Oyó acercarse los pasos. Aguantó la respiración, nervioso. Alguien tocó a su puerta. Se levantó y preguntó: "¿Quién es?". Nadie respondió, pero podía oír al otro lado de la puerta una respiración crepitante, como estertor de moribunda. Armándose de coraje, abrió, no había nada ni nadie. Pero él sabía que ella estaba allí, invisible, parada frente a él. Cerró la puerta suavemente y se dejó caer en la cama, esperando.

Este cuento me estremeció, no solo por lo sobrenatural, sino porque venía de un miembro del Comité Central del Partido Comunista, quien debía ser ateo y, por tanto, nada supersticioso. Todo eso le daba al relato una mayor verosimilitud.

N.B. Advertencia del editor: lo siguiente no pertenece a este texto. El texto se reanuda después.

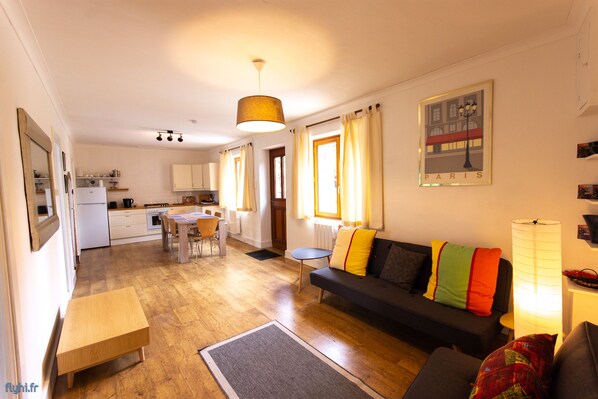 Stereo - House - Sleeps 6 - Parking - Garden (Gorron)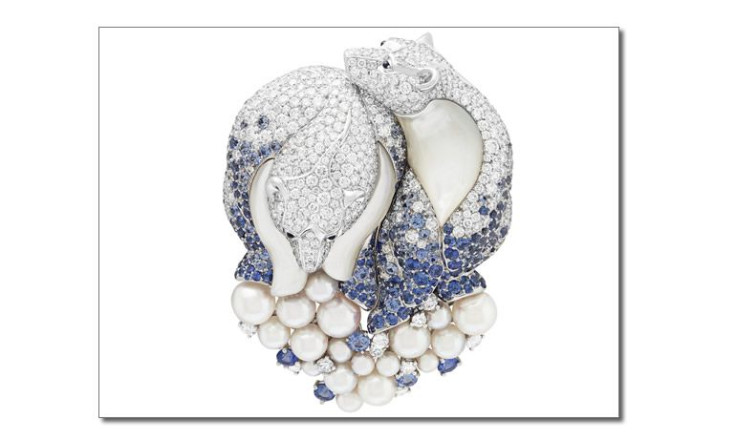 Van Cleef & Arpels - polar bears clip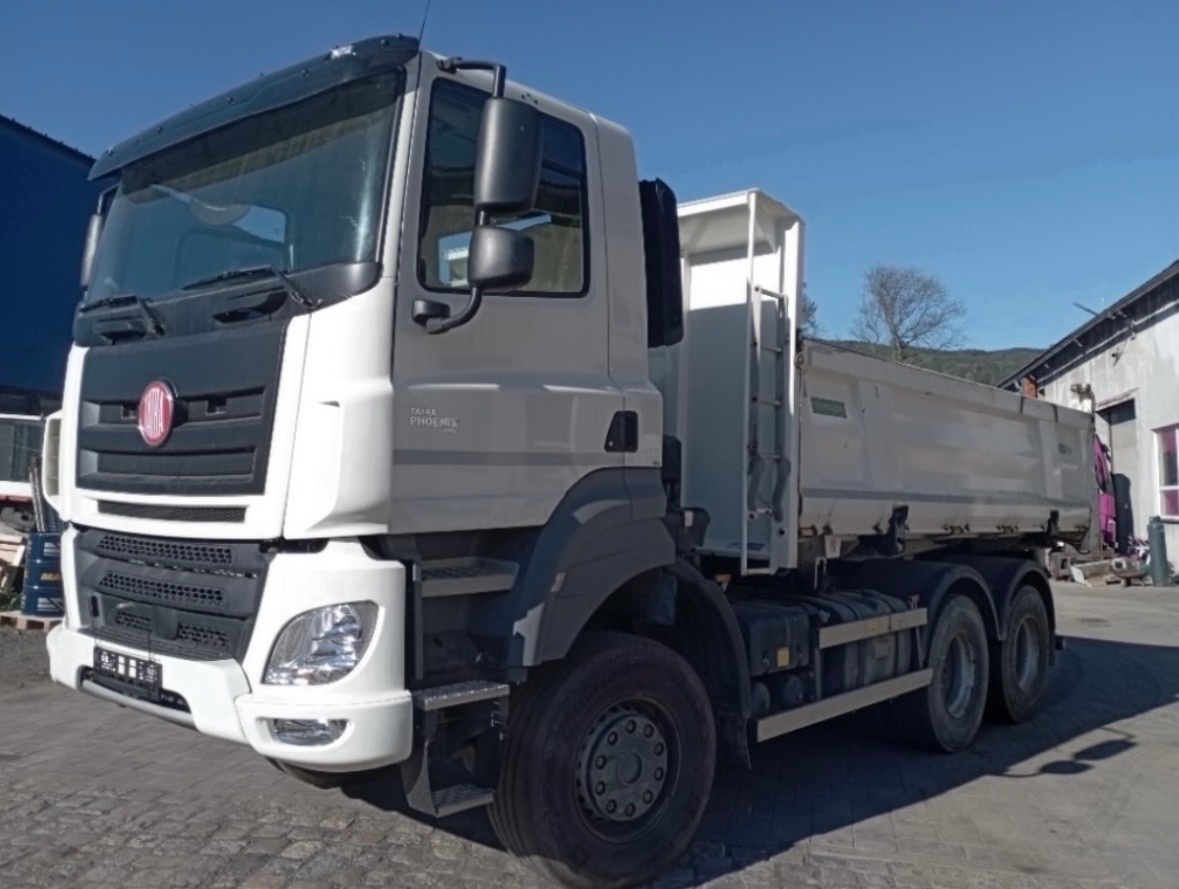 Tatra T158 PHONEIX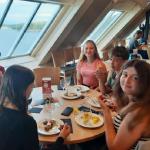 Jugend beim Abendessen auf der Silja Fähre 2022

Me agradó saber que algunos comunistas tenían sentido del humor y que, además, creían en los fantasmas y en la metafísica de los gatos negros

Ese día yo descubrí a otro Guillén, más humano, menos gubernamental. Antes de despedirnos, me preguntó si ya había leído Confieso que he vivido, de Neruda. Al responderle que sí, me advirtió que el libro tenía una errata en el título. "¿Cuál?", pregunté. "No es Confieso que he vivido, es Confieso que he bebido", me contestó y se alejó a pie con su chofer que parqueó en otra calle cercana.

Me agradó saber que algunos comunistas tenían sentido del humor y que, además, creían en los fantasmas y en la metafísica de los gatos negros. Subí por la calle San Ignacio, donde estaba la cadena del historiador y que rememoraba la gruesa cadena colonial que antaño cerraba el puerto impidiendo la entrada de barcos enemigos. Entonces me acordé de la muerta regresando de la tumba para ver a su amado, llamando a su puerta en un escalofrío. "¡Tun, tun! ¿Quién es? Una rosa y un clavel". La difunta llamando a la puerta para pasar la muralla, o la cadena que separa la vida de la muerte, la cadena como símbolo de plaza sitiada, el destino nacional encadenado. "¡Tun, tun! ¿Quién es?" El gato negro de Nicolás Guillén.